Aug 10, 2020

DevOps for startups

article

A big change happened in the world of software development with DevOps emergence in 2008. It became a fundamental shift of focus in сompanys' culture, organizational principles, and approach to development and operations. With having DevOps adopted, companies broke the 'us and them' mentality and built close cooperation between teams.

Numerous companies established at least two decades ago passed their way through the chaos, waterfall development, and agile principles and today 80% of them try to implement DevOps best practices. For startups, the situation looks winning because they can implement it from the early beginning and avoid the mistakes made by someone else.

So let's uncover how DevOps can be helpful for startups wishing to become unicorns!

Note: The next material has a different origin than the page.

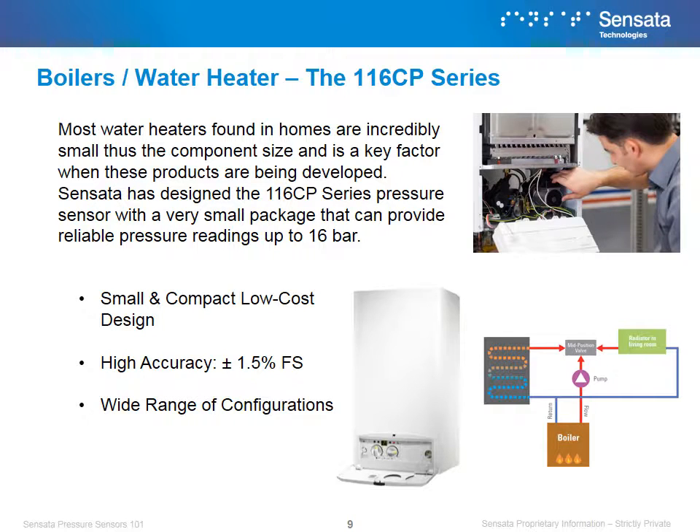Most water heaters found in homes are incredibly small, thus component size and performance is a key factor when these products are being developed. To answer the need of applications like these, Sensata has designed the 116 CP series pressure sensor with a very small package that can provide reliable pressure readings up to 16 bar. We win in water system applications due to our compact design, high accuracy, and wide range of configurations that can meet the end customer's needs.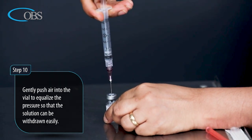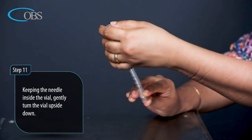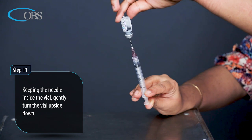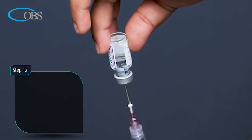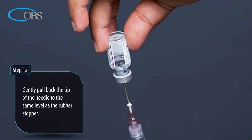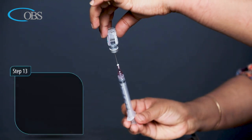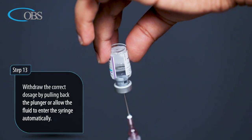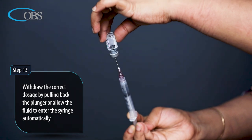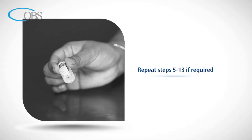Step 11: Keeping the needle inside the vial, gently turn the vial upside down. Step 12: Gently pull back the tip of the needle to the same level as the rubber stopper. Step 13: Withdraw the correct dosage by pulling back the plunger, or allow the fluid to enter the syringe automatically. Repeat steps 5 to 13 if required.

DevOps benefits for startups

Startups have to deliver their products very quickly or it can occur to be too late - someone will do it instead. That's why development and delivery processes must be smooth. This approach to development ensures non-stop features release and product improvement.

Among others, the main advantages of cultivating DevOps from day one are:

  • Automation

Let your developers focus on product improvement rather than on its maintenance. The statistic showed that companies using DevOps methodologies in a proper way benefit from 95% automated routine manual tasks and spend 21% less time on debugging and unscheduled tasks. Thus, they have almost 30% more time for new tasks upon the planned deadlines.

  • Increased availability (up to 99%!)

Following the point above, automation helps gain almost always available service. It becomes possible thanks to 1) reduction of manual caused errors; 2) automated tests before deployment; 3) more reliable tools and services.

  • Faster deployment

Time is the highest value for startups. Deploy up to 70% faster than your competitors!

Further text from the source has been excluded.